• **Task**: Write the full listing out again, word for word, but omit the pictures.

• **Dataset content**:
___
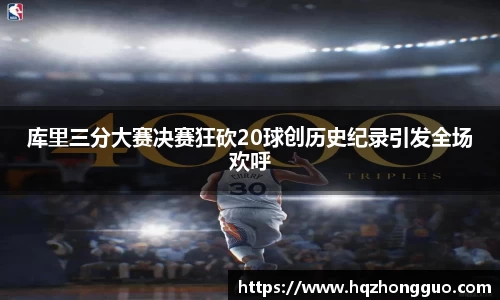 库里三分大赛决赛狂砍20球创历史纪录引发全场欢呼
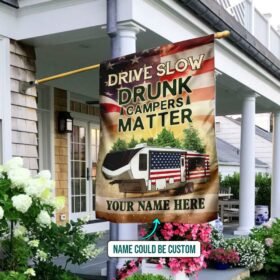 Personalized Drive Slow Drunk Campers Matter. Fifth Wheel Camper Flag
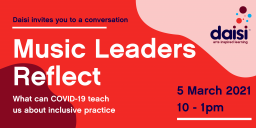 Music Leaders Reflect  - What COVID -19 can teach us about inclusive practice, you are invited to join them in conversation.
___
• **Task answer**:
 库里三分大赛决赛狂砍20球创历史纪录引发全场欢呼
 Personalized Drive Slow Drunk Campers Matter. Fifth Wheel Camper Flag
 Music Leaders Reflect  - What COVID -19 can teach us about inclusive practice, you are invited to join them in conversation.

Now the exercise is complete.